Programmatic Implications

Patients with HIV in resource-limited settings still should begin HAART in accordance with WHO treatment guidelines. If they meet the WHO criteria for beginning HAART, they should not delay in doing so. In addition, it is critical that treatment protocols for anemia and malnutrition be developed for HIV-infected patients in this setting.

References

  1. OARAC-DHHS Panel on Antiretroviral Guidelines for Adults and Adolescents. Guidelines of Antiretroviral Agents in HIV-1-Infected Adults and Adolescents.Accessed July 8, 2006.
  2. WHO Scaling up antiretroviral therapy in resource-limited settings: Treatment guidelines for a public health approach. Accessed July 8, 2006.

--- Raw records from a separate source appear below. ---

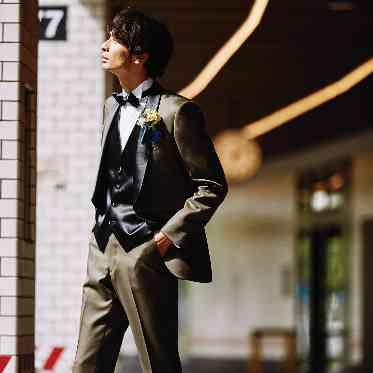 川原町倶楽部 ラ・ルーナ ピエーナ <エルフラットグループ> 光沢あるサテンのタキシード。カーキのアンニュイカラーがトレンド感を演出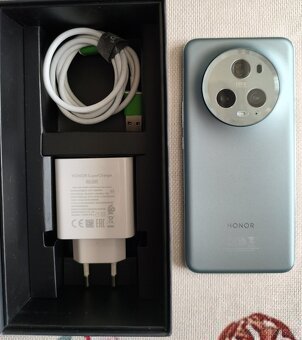 Honor Magic5 Pro 512GB. CZ záruka do 05/2026 - 2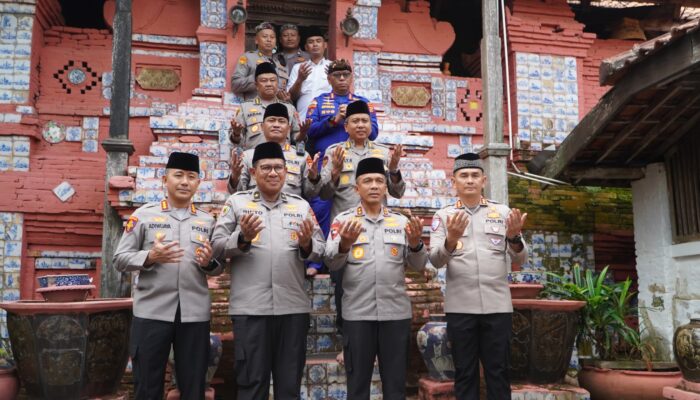 Kapolda Jabar Ziarah ke Makam Sunan Gunung Jati di Cirebon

  3. Marazzi MC, Guidotti G, Liotta G, and Palombi L: DREAM: An integrated faith-based initiative to treat HIV/AIDS in Mozambique.

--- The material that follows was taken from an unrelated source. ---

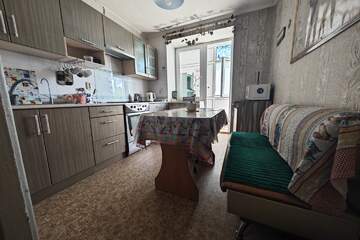 2-к квартира, 60 м², 5/5 эт.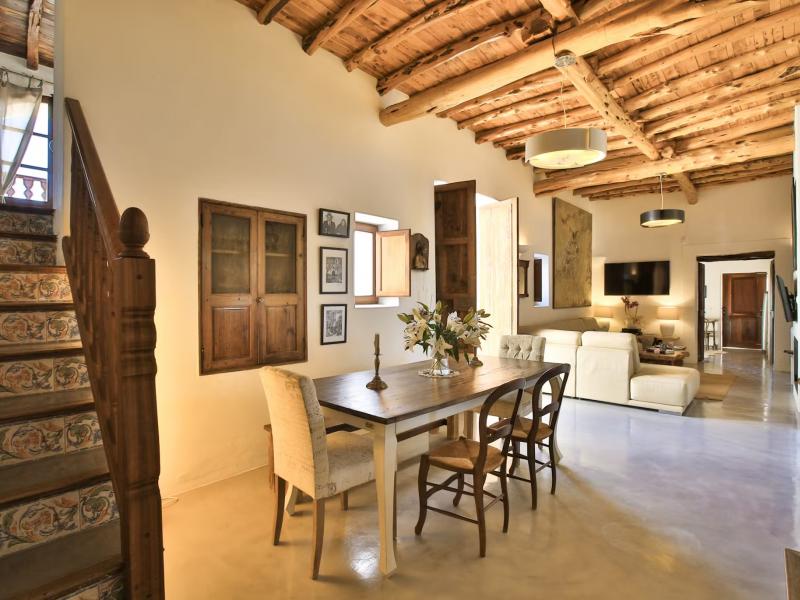 Can Rosetta , San Antonio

  4. Lawn SD, Myer L, Bekker LG, and Wood R: Tuberculosis-associated immune reconstitution disease: Incidence, risk factors and impact in an antiretroviral treatment service in South Africa. AIDS 2007;1:335-341.
  5. Sobhani R, Basavaraj A, Gupta A, et al.: Mortality and clinical characteristics of hospitalized adult patients with HIV in Pune, India. Indian J Med Res 2007;126:116-121.
  6. Losina E, Yazdanpanah Y, Deuffic-Burban S, et al.: The independent effect of highly active antiretroviral therapy on severe opportunistic disease incidence and mortality in HIV-infected adults in Côte d'Ivoire. Antivir Ther 2007;12(4):543-551.
  7. Ivers LC, Kendrick D, and Doucette K: Efficacy of antiretroviral therapy programs in resource-poor settings: A meta-analysis of the published literature. Clin Infect Dis 2005;41:217-224.